The big metal birds of the sky – no matter if it’s a commercial airplane, big cargo planes, small hobby planes or even jetfighters – it has always fascinated the crowds, when an object heavier than air is lifted of the ground and reaching for the sky. For many the physical laws behind aviation is even still a mystery.
So it is actually not that strange that aviation spotting is a thing. But for most people, planes are just the noisy birds in the sky drawing a long tail of cloud after them. But for the few, the world of aviation is essentially about beauty and passion.

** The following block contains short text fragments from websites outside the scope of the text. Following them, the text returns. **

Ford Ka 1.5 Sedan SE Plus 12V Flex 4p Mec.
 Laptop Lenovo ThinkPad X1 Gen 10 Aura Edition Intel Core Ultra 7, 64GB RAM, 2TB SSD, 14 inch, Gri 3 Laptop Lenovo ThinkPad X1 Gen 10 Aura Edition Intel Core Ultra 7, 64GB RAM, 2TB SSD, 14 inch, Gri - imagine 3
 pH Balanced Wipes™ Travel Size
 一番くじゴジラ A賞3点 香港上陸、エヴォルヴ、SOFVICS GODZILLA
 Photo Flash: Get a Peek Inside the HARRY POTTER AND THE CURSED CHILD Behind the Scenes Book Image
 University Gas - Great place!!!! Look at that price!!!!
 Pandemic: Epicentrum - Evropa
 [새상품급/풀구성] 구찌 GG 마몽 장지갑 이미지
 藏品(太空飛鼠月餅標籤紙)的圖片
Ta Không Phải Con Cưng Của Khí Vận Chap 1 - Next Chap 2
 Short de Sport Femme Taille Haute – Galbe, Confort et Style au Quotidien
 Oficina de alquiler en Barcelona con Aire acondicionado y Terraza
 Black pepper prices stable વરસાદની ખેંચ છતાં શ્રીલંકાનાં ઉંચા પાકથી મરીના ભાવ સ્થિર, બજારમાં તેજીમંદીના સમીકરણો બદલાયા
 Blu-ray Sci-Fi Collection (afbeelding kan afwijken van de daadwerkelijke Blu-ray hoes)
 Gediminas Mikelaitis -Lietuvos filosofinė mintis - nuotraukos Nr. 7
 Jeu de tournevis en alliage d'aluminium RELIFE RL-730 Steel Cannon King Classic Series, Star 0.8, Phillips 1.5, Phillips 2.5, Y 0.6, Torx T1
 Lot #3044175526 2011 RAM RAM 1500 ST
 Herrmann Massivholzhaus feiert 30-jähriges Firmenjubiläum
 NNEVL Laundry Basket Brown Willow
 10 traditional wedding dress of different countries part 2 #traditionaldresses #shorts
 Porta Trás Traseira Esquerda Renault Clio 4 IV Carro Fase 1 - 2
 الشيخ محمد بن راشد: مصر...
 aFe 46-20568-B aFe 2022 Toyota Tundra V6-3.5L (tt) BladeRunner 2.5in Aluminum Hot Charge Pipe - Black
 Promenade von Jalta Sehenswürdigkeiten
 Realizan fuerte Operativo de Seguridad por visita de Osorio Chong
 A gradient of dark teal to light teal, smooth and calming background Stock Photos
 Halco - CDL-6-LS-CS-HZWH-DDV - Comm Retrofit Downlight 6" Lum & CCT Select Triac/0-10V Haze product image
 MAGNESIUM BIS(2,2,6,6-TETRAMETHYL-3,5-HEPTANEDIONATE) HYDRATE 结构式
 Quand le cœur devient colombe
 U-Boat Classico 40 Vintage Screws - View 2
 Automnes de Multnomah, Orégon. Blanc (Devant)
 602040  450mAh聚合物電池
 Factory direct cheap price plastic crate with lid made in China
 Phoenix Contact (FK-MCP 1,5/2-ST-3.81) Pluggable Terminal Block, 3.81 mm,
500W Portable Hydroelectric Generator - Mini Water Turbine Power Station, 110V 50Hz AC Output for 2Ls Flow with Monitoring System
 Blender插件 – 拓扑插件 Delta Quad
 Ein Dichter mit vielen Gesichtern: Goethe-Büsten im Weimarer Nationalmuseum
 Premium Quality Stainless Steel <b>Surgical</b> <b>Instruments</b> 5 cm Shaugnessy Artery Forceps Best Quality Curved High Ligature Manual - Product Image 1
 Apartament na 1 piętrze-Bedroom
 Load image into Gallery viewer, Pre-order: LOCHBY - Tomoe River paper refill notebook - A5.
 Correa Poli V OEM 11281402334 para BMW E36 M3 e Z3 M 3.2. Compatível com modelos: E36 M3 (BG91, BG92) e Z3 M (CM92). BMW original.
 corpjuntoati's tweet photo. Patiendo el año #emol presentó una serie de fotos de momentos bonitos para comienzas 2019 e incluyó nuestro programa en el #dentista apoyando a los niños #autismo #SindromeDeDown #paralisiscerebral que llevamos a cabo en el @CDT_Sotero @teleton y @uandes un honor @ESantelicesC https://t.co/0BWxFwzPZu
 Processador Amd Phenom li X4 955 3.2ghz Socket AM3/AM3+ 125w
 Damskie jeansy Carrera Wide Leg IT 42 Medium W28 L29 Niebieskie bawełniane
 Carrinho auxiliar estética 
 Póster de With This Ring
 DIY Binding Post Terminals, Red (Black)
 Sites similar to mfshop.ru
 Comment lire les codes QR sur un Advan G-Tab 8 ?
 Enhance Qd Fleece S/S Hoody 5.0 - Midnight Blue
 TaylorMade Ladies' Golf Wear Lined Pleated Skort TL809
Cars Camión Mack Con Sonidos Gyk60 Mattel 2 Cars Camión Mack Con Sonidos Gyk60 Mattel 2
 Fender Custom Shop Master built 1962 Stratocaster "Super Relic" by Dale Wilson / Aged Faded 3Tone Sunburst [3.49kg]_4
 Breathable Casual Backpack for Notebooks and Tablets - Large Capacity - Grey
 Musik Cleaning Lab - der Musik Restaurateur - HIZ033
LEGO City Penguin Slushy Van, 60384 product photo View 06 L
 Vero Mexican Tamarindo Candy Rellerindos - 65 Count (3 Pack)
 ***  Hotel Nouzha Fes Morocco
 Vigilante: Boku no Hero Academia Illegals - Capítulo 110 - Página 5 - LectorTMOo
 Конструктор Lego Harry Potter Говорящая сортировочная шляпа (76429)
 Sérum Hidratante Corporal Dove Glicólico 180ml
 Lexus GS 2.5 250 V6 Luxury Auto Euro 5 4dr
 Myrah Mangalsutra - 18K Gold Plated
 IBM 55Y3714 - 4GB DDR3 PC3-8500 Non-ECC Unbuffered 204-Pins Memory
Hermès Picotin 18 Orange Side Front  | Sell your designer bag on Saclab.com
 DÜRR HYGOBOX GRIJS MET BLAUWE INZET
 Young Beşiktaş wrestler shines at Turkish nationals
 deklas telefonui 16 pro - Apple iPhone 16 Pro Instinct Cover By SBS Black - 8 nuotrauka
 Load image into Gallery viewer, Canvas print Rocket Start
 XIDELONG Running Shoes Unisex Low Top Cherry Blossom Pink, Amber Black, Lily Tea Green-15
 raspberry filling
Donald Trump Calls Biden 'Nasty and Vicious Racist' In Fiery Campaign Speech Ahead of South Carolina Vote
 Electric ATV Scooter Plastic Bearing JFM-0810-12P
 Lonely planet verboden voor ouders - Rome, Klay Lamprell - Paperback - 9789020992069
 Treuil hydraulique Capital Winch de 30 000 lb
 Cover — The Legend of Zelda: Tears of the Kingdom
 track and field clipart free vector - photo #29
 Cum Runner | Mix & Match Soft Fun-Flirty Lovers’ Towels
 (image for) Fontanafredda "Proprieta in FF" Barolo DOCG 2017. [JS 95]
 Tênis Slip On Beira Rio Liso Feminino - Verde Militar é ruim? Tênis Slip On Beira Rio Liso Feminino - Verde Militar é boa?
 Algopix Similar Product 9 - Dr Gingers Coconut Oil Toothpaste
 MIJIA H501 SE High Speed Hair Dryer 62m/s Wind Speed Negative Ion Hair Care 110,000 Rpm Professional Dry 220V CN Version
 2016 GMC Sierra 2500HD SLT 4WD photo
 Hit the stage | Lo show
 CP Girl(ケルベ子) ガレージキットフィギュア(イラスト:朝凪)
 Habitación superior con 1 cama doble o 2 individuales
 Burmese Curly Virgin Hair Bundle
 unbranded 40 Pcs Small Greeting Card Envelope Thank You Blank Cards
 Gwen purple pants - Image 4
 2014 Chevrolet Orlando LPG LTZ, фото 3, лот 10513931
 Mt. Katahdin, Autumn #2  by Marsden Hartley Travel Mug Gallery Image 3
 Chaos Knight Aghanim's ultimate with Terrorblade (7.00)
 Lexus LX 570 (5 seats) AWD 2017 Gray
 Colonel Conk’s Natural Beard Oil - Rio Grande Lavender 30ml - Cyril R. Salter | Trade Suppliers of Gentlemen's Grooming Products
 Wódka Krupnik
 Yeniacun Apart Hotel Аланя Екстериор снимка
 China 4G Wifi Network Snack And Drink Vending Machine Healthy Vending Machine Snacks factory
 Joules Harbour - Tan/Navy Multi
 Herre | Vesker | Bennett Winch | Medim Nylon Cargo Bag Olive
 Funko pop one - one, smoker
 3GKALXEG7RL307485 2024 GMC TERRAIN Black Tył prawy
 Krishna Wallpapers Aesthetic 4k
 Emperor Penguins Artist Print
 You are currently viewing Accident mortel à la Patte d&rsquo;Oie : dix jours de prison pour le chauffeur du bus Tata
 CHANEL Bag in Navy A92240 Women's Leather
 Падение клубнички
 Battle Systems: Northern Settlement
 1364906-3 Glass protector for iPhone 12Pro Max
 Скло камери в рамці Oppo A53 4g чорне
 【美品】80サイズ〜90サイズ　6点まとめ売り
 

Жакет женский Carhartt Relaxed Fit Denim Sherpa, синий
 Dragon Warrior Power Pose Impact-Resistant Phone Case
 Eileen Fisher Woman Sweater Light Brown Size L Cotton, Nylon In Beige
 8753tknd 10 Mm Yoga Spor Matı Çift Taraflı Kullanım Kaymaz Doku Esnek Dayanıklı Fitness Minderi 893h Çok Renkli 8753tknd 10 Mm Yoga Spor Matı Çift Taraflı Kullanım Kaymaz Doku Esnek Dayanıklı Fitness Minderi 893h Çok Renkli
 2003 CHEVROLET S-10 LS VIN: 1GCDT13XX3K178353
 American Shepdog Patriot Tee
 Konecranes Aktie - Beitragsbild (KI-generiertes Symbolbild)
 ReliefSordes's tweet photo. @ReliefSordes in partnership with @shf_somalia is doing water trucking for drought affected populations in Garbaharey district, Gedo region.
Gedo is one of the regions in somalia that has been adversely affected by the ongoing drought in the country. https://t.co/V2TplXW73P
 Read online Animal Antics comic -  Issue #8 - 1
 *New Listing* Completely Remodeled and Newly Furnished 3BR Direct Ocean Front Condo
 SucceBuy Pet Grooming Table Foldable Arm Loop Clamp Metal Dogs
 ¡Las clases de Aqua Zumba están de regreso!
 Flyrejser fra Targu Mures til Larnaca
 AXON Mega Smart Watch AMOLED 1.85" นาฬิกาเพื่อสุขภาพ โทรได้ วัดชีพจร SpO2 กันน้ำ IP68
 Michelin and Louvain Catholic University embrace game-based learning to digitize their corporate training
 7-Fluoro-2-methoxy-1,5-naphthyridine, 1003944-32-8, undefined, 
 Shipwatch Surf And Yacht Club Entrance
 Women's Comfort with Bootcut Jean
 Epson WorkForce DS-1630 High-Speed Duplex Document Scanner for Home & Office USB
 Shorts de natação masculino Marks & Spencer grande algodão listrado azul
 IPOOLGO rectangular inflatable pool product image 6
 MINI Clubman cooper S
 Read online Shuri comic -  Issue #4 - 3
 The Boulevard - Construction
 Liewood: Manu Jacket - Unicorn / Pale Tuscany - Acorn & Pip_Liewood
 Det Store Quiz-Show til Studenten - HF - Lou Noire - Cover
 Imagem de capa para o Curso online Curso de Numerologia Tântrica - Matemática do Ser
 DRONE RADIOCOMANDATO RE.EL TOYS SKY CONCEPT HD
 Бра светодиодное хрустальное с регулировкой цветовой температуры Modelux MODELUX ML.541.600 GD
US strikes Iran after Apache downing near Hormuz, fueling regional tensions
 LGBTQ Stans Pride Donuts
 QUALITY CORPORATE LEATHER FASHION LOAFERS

For Paul Chow aviation spotting is more than a hobby, it’s a life style. He is the founder and president of the Association of Hong Kong Aviation Photographers and he is traveling all over the world just to catch a glimpse of some of the rarest planes.
In the future though, it seems that Paul might need to do a bit more travelling than he is used to, in order to pursue his desired planes. Because his favorite plane spotting location for the last six years, Hong Kong International Airport, do not share the same enthusiasm towards aviation spotting. In order to expand one of the runways, the airport authorities at Hong Kong International Airport plan to tear down Terminal 2 – the place with the most breathtaking views over the whole airport area and where Paul has spent hours and hours doing what he loves the most.
According to Paul, the days of aviation spotters in Hong Kong are now counted.
“We’ll be vanished someday. Maybe within the next three years” Paul concludes while knowing, that it will be a struggle for him to make his lifestyle survive in Hong Kong.
And though finding new spotting locations around the airport could seem like a solution, restrictions due to the high security level makes it difficult.
“To find new spotting locations in Hong Kong is really difficult because there are too many restrictions around the airport island. Hopefully I can find more by myself and if I succeed I will share this information on our website.”
So it seems that Paul and his friends from the Association of Hong Kong Aviation Photographers, will have to fight to keep their lifestyle alive in Hong Kong. Otherwise Paul will need to find another place to spot his favorite plane – the Boring 737 – amongst the many other metal birds.